Here is the task for the listing below: output exactly the lines from the one containing "Here we can" through the one containing "How does a repulsion", and leave out the pictures.

*** Opening of MATERIAL FOR THE TASK ***

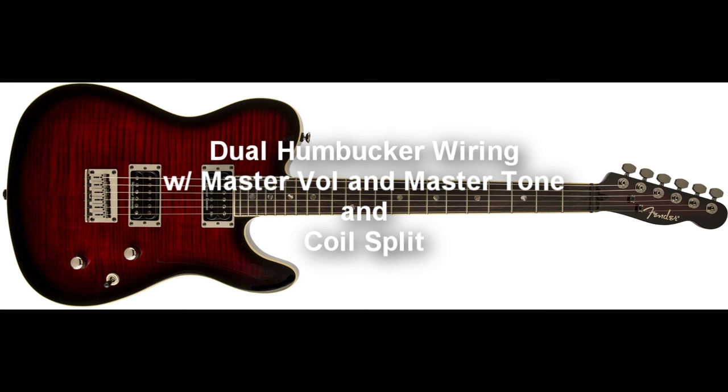Today's video is a correction video for one that was done earlier by me with dual humbuckers, master volume, master tone, and some coil splits. Inadvertently, I had shown the coil splits wired wrong, so I'm going to correct it in this video here.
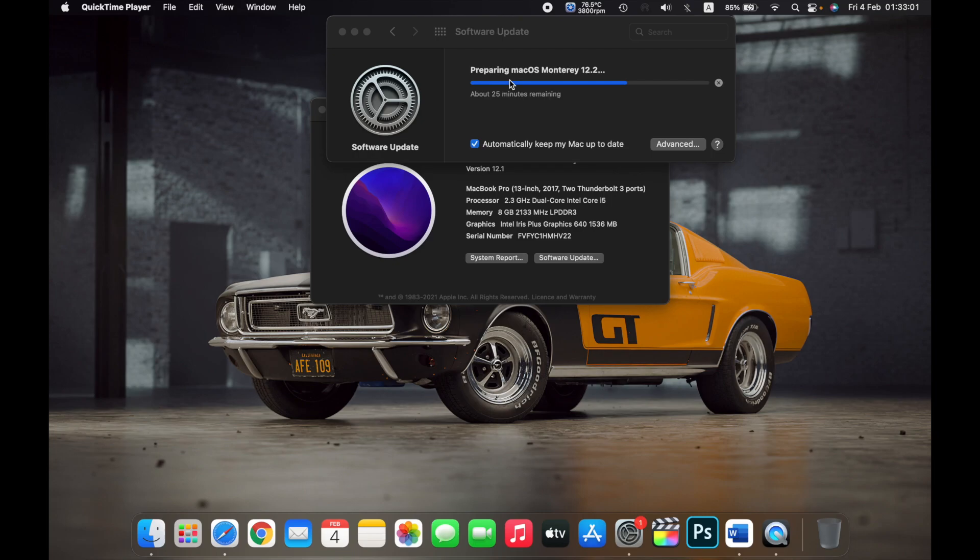you will get an option to update your Mac right now or you can update it overnight when your Mac is asleep. So the preferred option would be to update it overnight when your Mac is sleeping because that won't interrupt anything that you would be doing currently on your Mac.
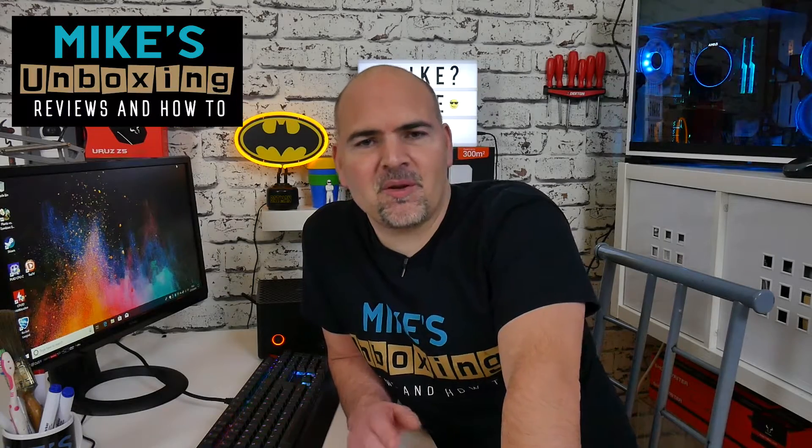Hi, this is Mike from Mike's Unboxing Reviews and How To. Today I'm going to show you how to configure automatic system restore points. Keep watching to find out how.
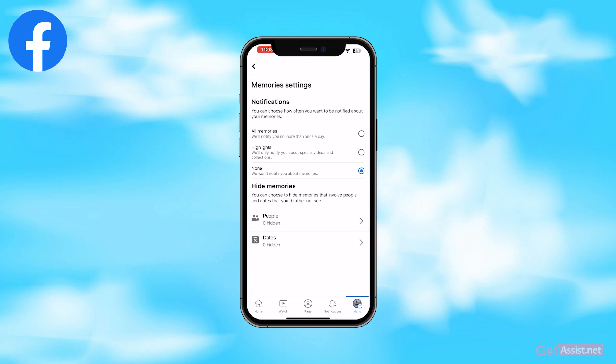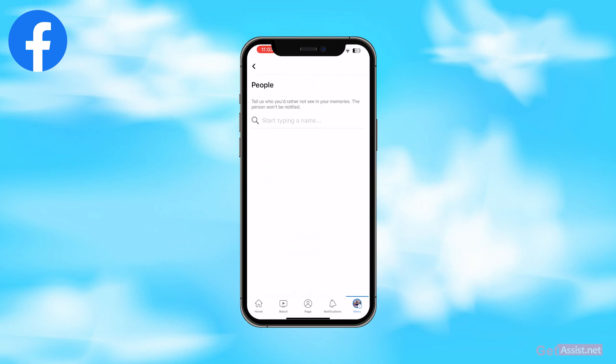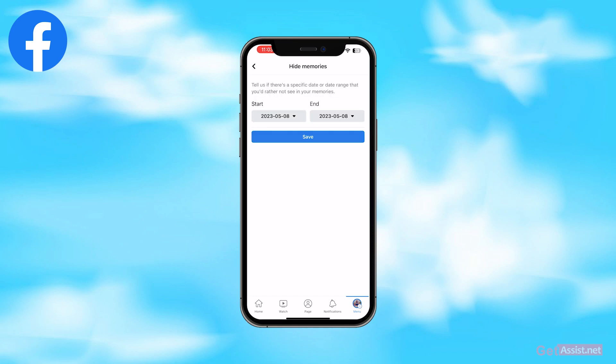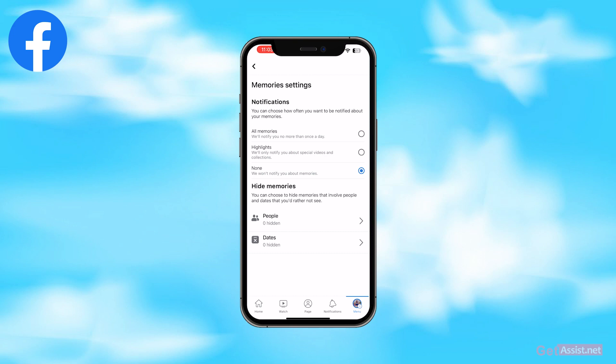Similarly, you can also hide memories from specific people you have added on Facebook. If you go to the People section, you can simply type the name of friends from whom you want to hide your memories. If you go to Dates, you can select a specific date or date range for which you do not want to see the memories. That's how you can hide memories on Facebook.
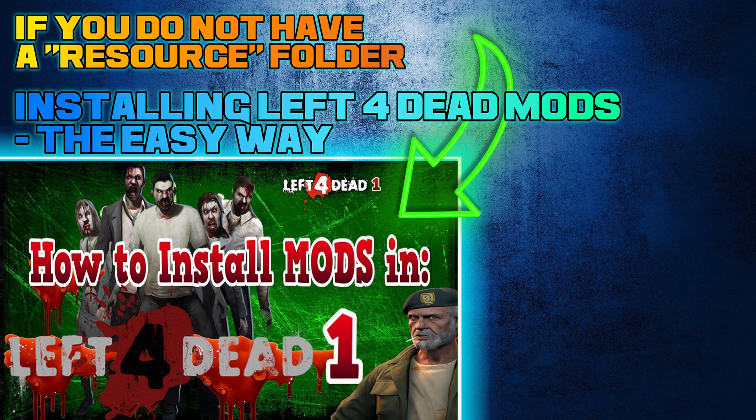If you do not have a resource folder, then you need to install Left 4 Dead mods the easy way method.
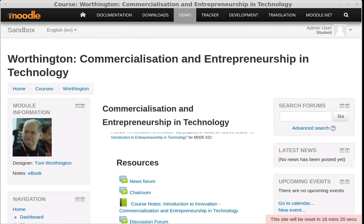Hello, I'm Tom Worthington. I'd like to show you how responsive web design can be used to allow a Moodle course to display on a mobile device.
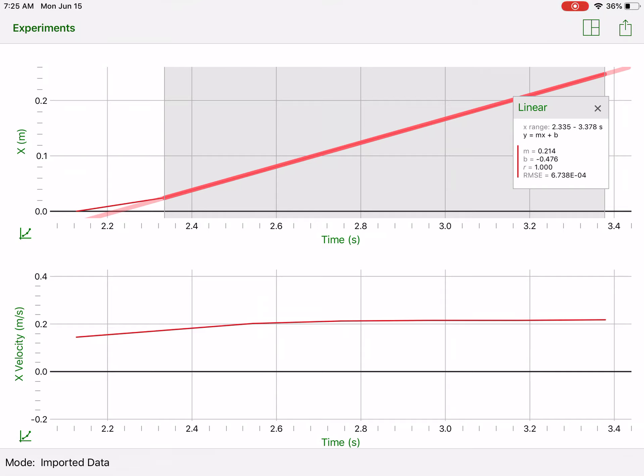Now just for future reference, we could also look at the bottom graph, but I wouldn't want to do slope with the bottom graph. Velocity is actually shown on the y-axis, so I wouldn't want to take the slope because that would give something completely different.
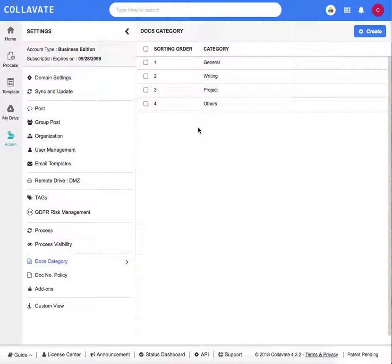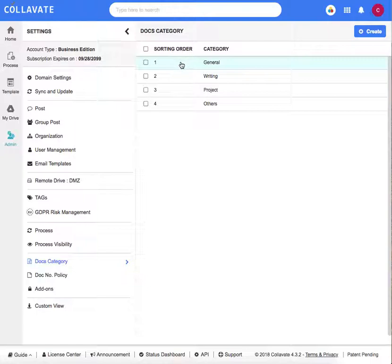Here we can see categories we've already created and the order in which they appear. General category will appear first in the list, writing will appear second in the list, so on and so forth.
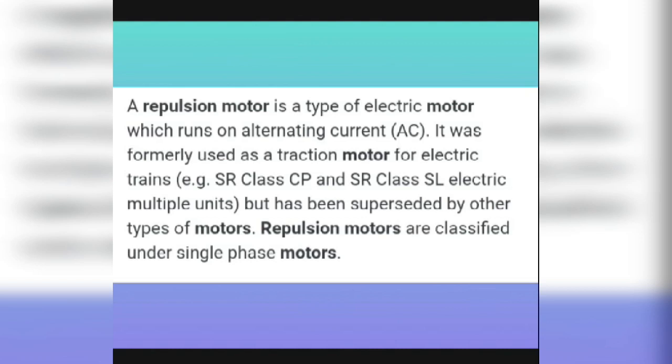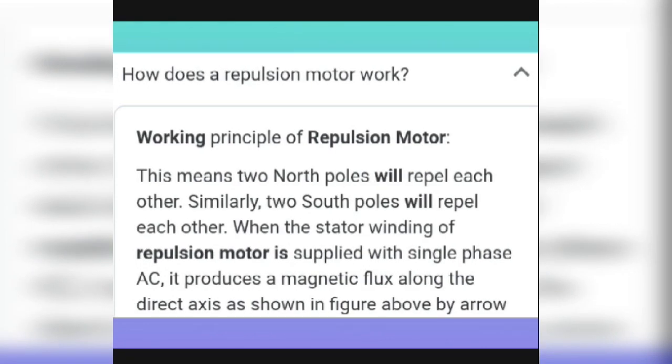How does a repulsion motor work? The working principle is that the north pole will repel each other, and similarly the south pole will repel each other. When the stator winding of a repulsion motor is supplied with a single phase AC, it produces a magnetic flux along the direction of the axis, as shown in the arrows.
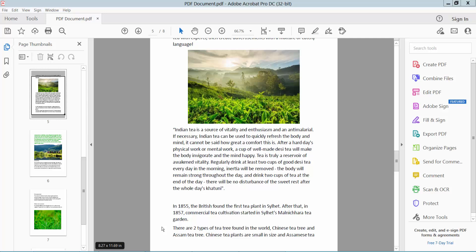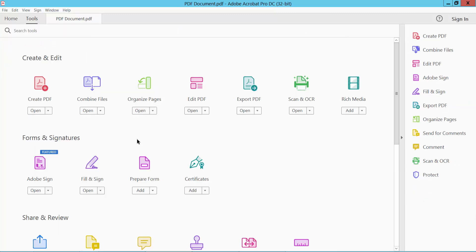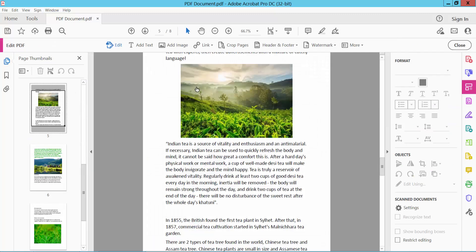Hello everyone, today I will show you how to change text font style in PDF using Adobe Acrobat DC. Open your PDF file and select the Tools option, and now select Edit PDF option.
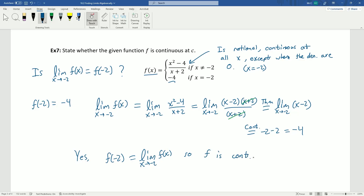Keep in mind, we need f to be continuous for all values of x — but we already know this function is continuous for all values other than −2. So we only had to explicitly check the problem point at x = −2. That's it for this video. Thank you for watching.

*** Close of MATERIAL FOR THE TASK ***

**ANSWER FOR THIS EXERCISE:**
Here we can see categories we've already created and the order in which they appear. General category will appear first in the list, writing will appear second in the list, so on and so forth.
How does a repulsion motor work? The working principle is that the north pole will repel each other, and similarly the south pole will repel each other. When the stator winding of a repulsion motor is supplied with a single phase AC, it produces a magnetic flux along the direction of the axis, as shown in the arrows.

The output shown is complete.